You may also want to consider placing a free credit freeze. A credit freeze means potential creditors cannot get your credit report. That makes it less likely that an identity thief can open new accounts in your name. To place a freeze, contact each of the major credit bureaus at the links or phone numbers above. A freeze remains in place until you ask the credit bureau to temporarily lift it or remove it.
We have attached information from the FTC’s website, IdentityTheft.gov/databreach, about steps you can take to help protect yourself from identity theft. The steps are based on the types of information exposed in this breach.Other Important Information[Insert other important information here.]For More InformationCall [telephone number] or go to [Internet website]. [State how additional information or updates will be shared/or where they will be posted.] [Insert closing] Your Name
As noted above, we suggest that you include advice that is tailored to the types of personal information exposed. The example below is for a data breach involving Social Security numbers. This advice and advice for other types of personal information is available at IdentityTheft.gov/databreach.

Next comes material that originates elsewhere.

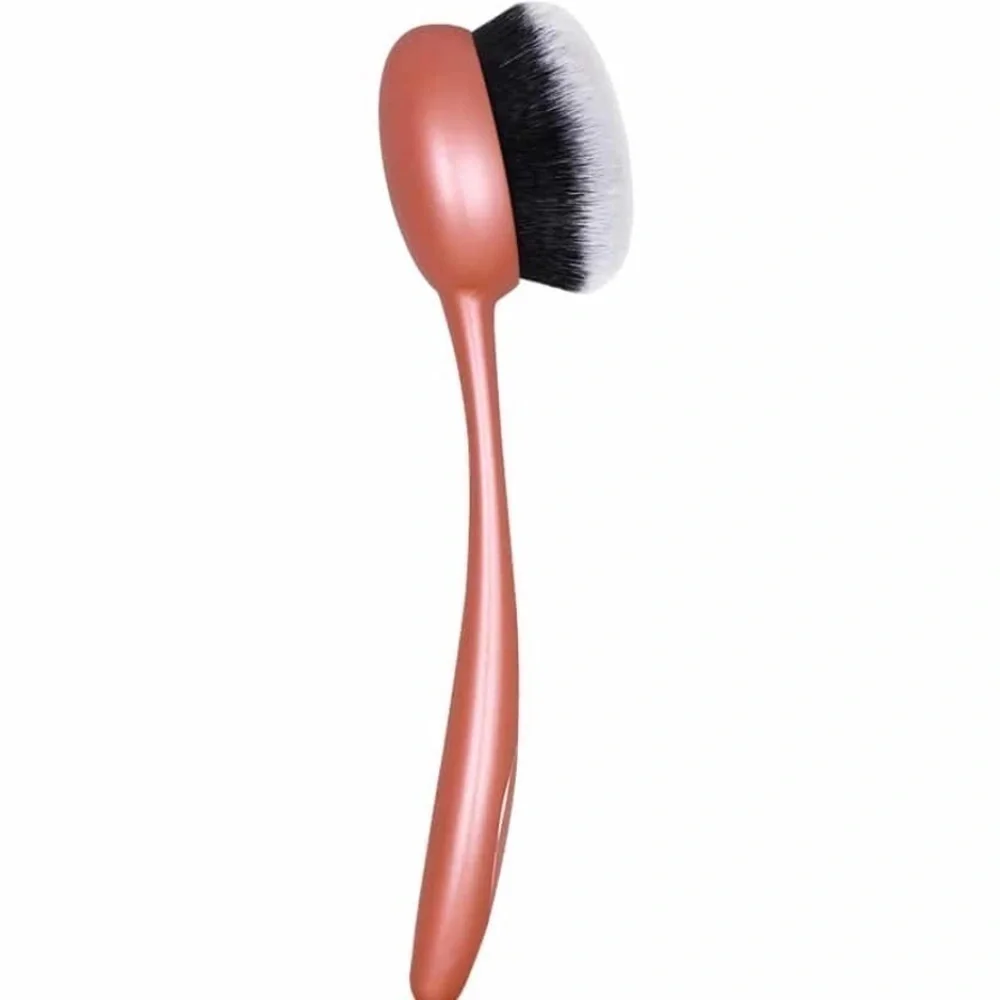 Real Techniques Blend And Blur Foundation Makeup Brush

Also, consider enclosing with your letter a copy of Identity Theft: A Recovery Plan, a comprehensive guide from the FTC to help people address identity theft. You can order the guide in bulk for free at bulkorder.ftc.gov. The guide will be particularly helpful to people with limited or no internet access.
What information was lost or exposed?
Social Security number
If a company responsible for exposing your information offers you free credit monitoring, take advantage of it.
Get your free credit reports from annualcreditreport.com. Check for any accounts or charges you don’t recognize.
Consider placing a credit freeze. A credit freeze makes it harder for someone to open a new account in your name.
If you place a freeze, be ready to take a few extra steps the next time you apply for a new credit card or cell phone — or any service that requires a credit check.
If you decide not to place a credit freeze, at least consider placing a fraud alert.
Try to file your taxes early — before a scammer can. Tax identity theft happens when someone uses your Social Security number to get a tax refund or a job. Respond right away to letters from the IRS.
Don’t believe anyone who calls and says you’ll be arrested unless you pay for taxes or debt — even if they have part or all of your Social Security number, or they say they’re from the IRS.
Continue to check your credit reports at annualcreditreport.com. You can order a free report from each of the three credit reporting companies once a year.